» **What the exercise asks**
Any picture in the range stays out of the copy; retype exactly the lines from the one with "Blue Clues Bunni Monster Hoodlet" to the end of the listing.

» **Exercise data**
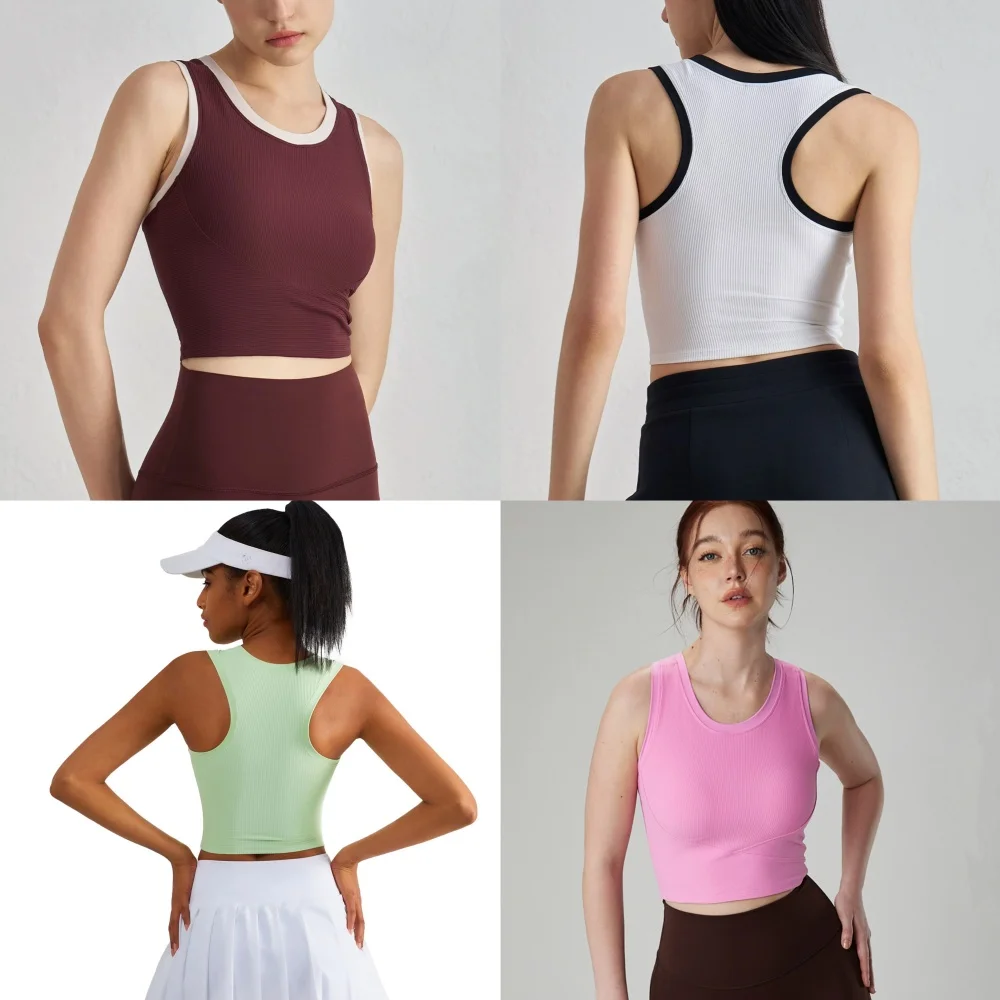 High Support Running Workout Gym Brassiere Fitness Crop Tops Push Up Yoga Bra Active Wear Sports Bra with Chest Cushion
High Support Running Workout Gym Brassiere Fitness Crop Tops Push Up Yoga Bra Active Wear Sports Bra with Chest Cushion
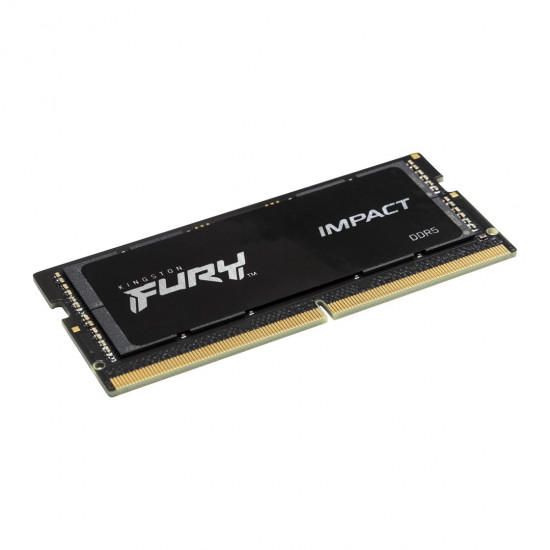 DDR5 SODIMM Fury Impact 64GB(232GB)/4800 CL38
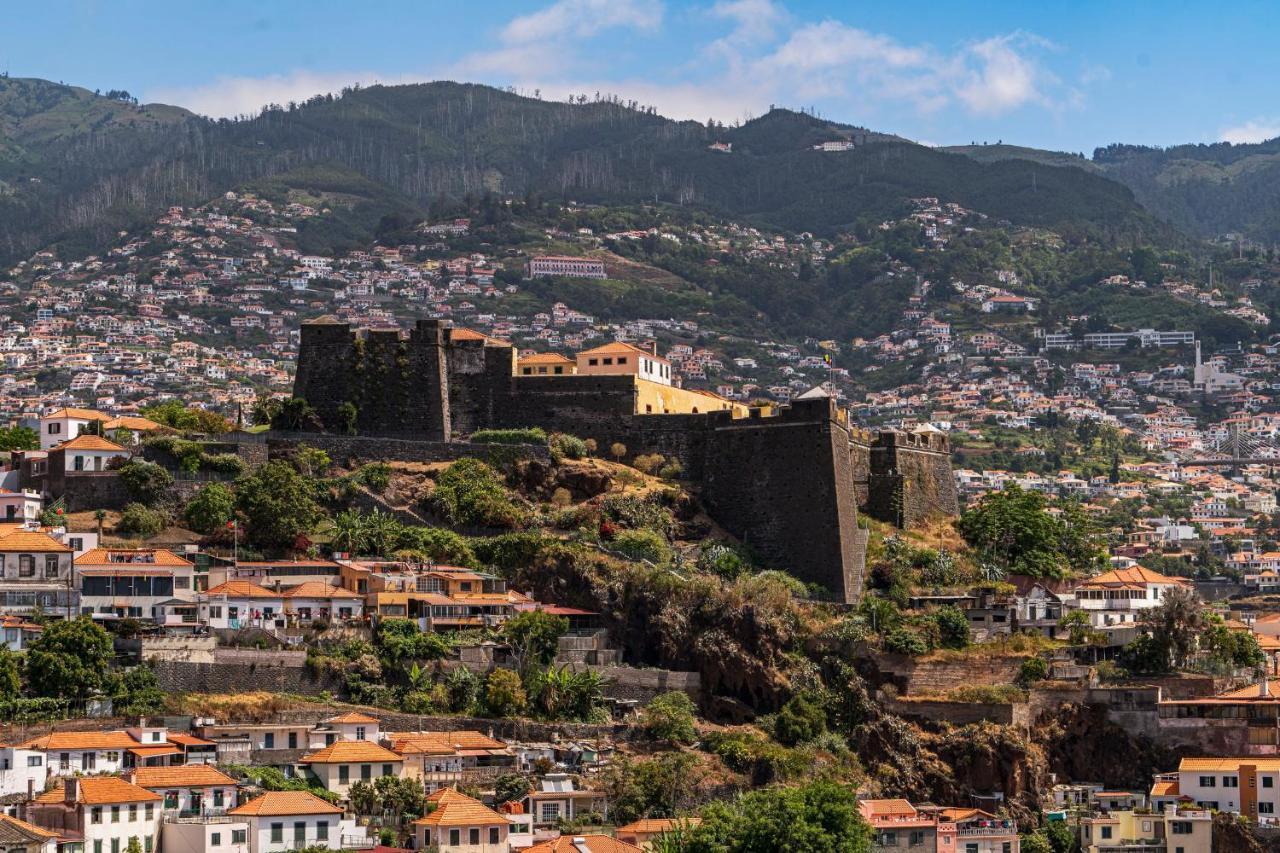 Jasmineiro I By An Island Apart Funchal Dış mekan fotoğraf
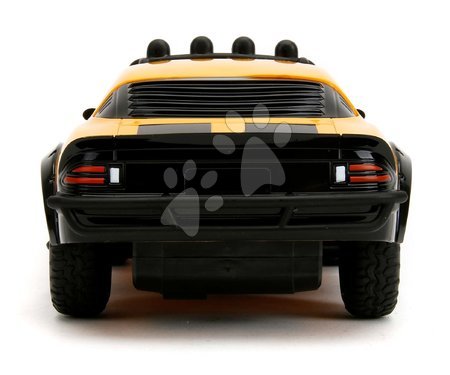 RC modely - Autíčko na dálkové ovládání RC Bumblebee Transformers T7 Jada - 3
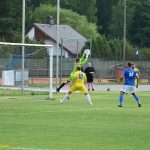 VIDEO: Plánský Sokol vstoupil do sezony jasným vítězstvím. Kanonýr Pěknic si vzal první a poslední slovo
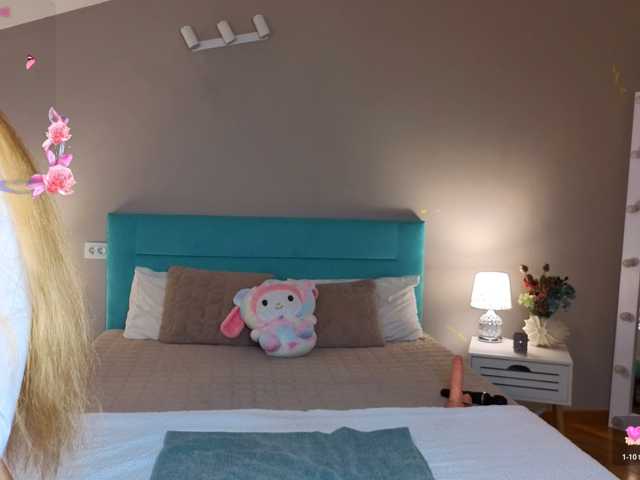 MissAmeliia, en directo ahora en BongaCams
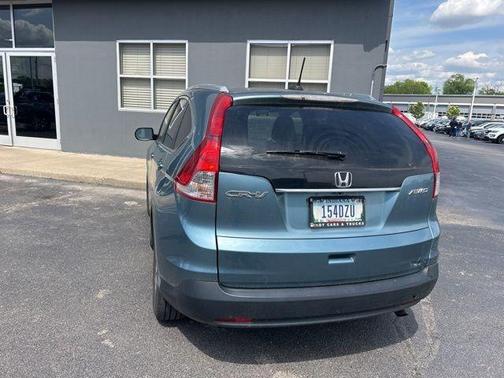 2014 Honda CR-V EX-L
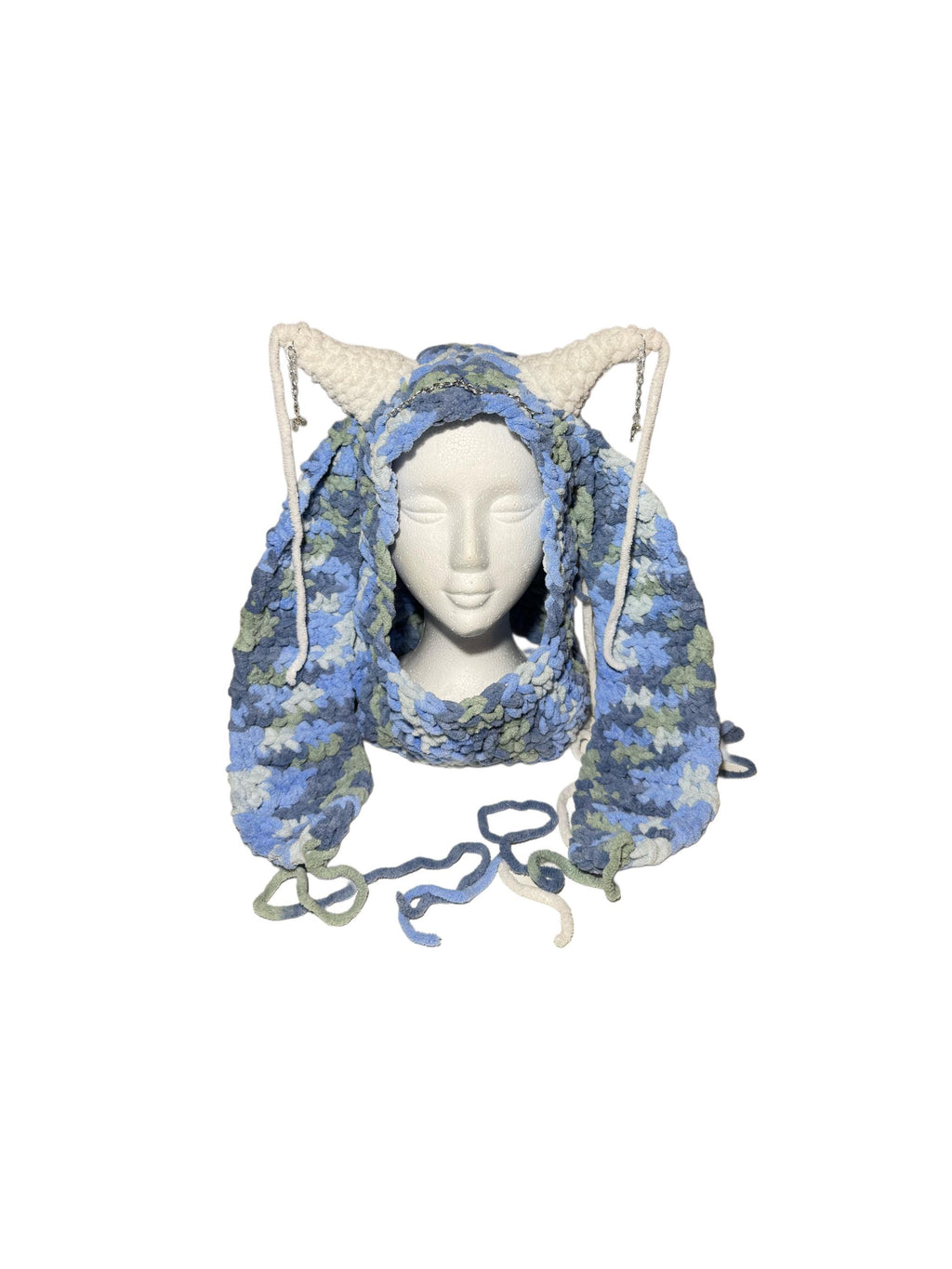 Blue Clues Bunni Monster Hoodlet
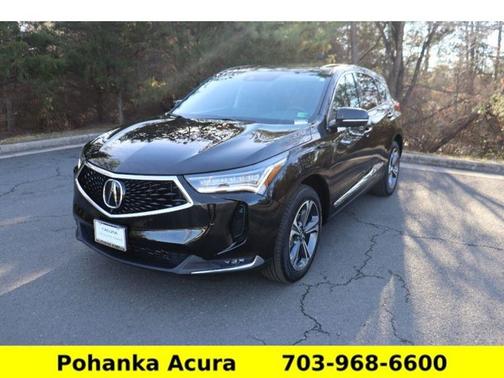 2024 Acura RDX w/Advance Package
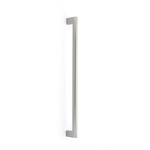 Emtek Trail Appliance Pull Satin Nickel - 18 in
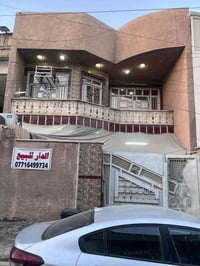 دار للبيع في منطقة البلديات   9 نيسان - داخل فرع حسينية فاطمة الكُلابي...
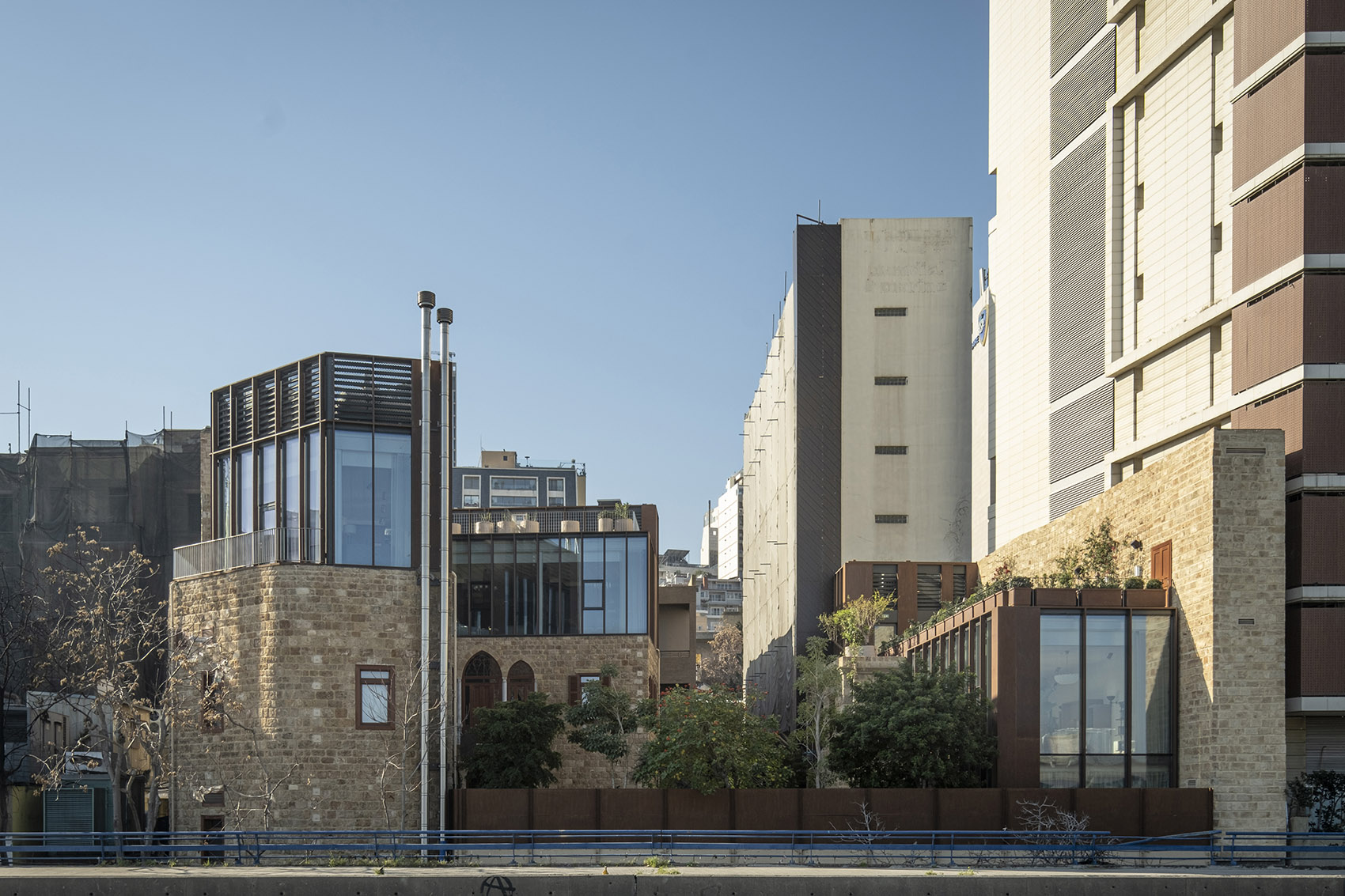 Beihouse历史建筑修复及改造丨黎巴嫩贝鲁特-8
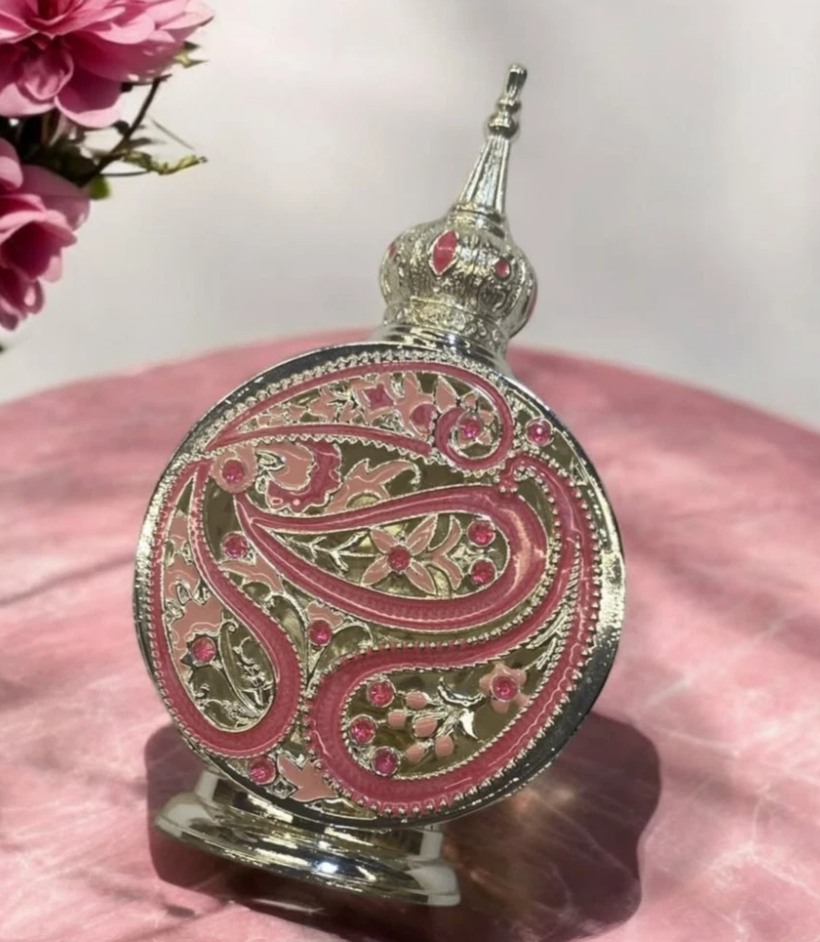 ZAKAT PERFUMES ZOGHBI AREEJ AL-ZOHOUR Perfumed Oil 20ml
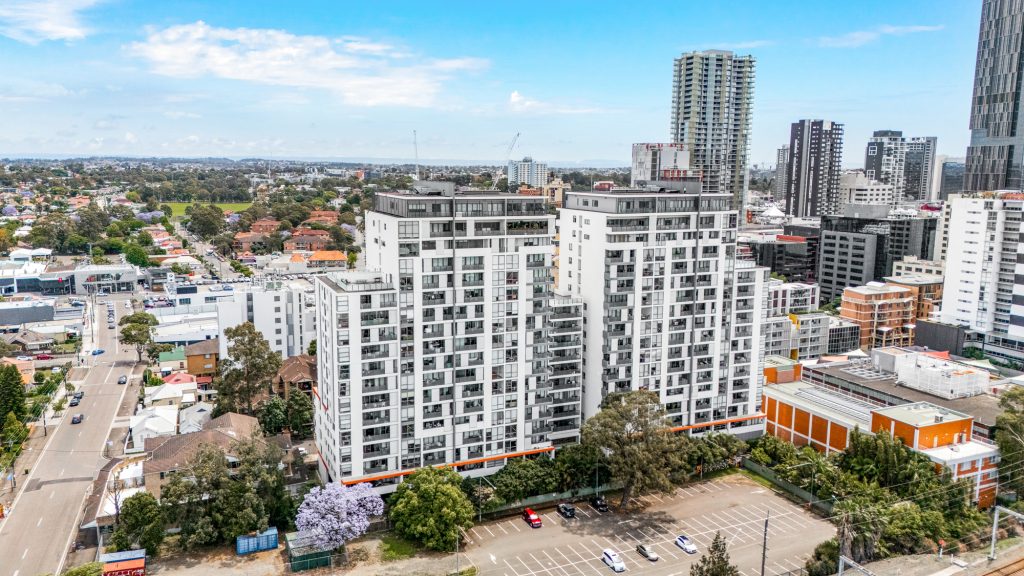 Sold - 401b/8 Cowper Street - New Property in Parramatta - Real Estate by Tariq Jameel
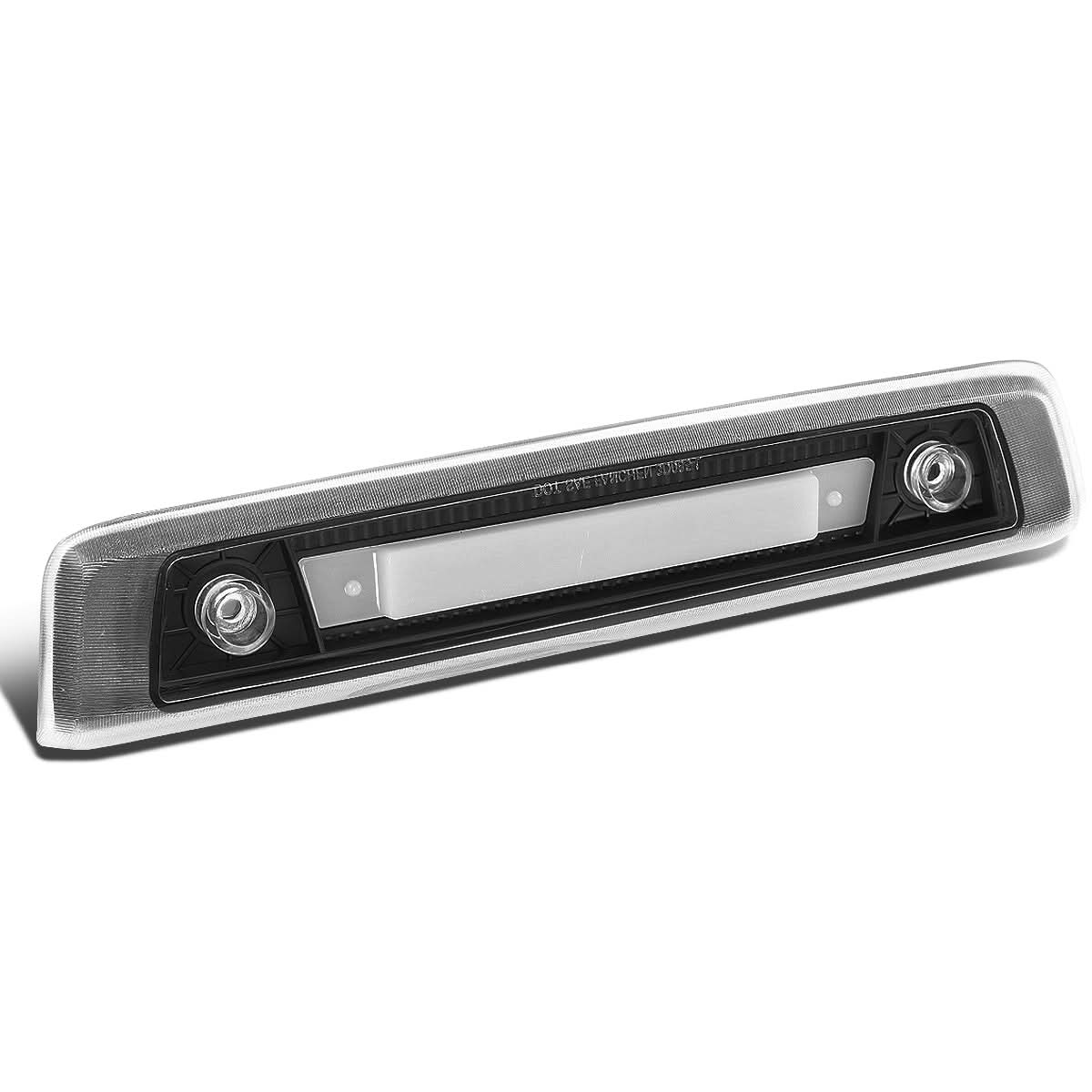 06-10 Jeep Commander 3D Style LED Third Brake Light - Black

» **Output of the task**
 Blue Clues Bunni Monster Hoodlet
 2024 Acura RDX w/Advance Package
 Emtek Trail Appliance Pull Satin Nickel - 18 in
 دار للبيع في منطقة البلديات   9 نيسان - داخل فرع حسينية فاطمة الكُلابي...
 Beihouse历史建筑修复及改造丨黎巴嫩贝鲁特-8
 ZAKAT PERFUMES ZOGHBI AREEJ AL-ZOHOUR Perfumed Oil 20ml
 Sold - 401b/8 Cowper Street - New Property in Parramatta - Real Estate by Tariq Jameel
 06-10 Jeep Commander 3D Style LED Third Brake Light - Black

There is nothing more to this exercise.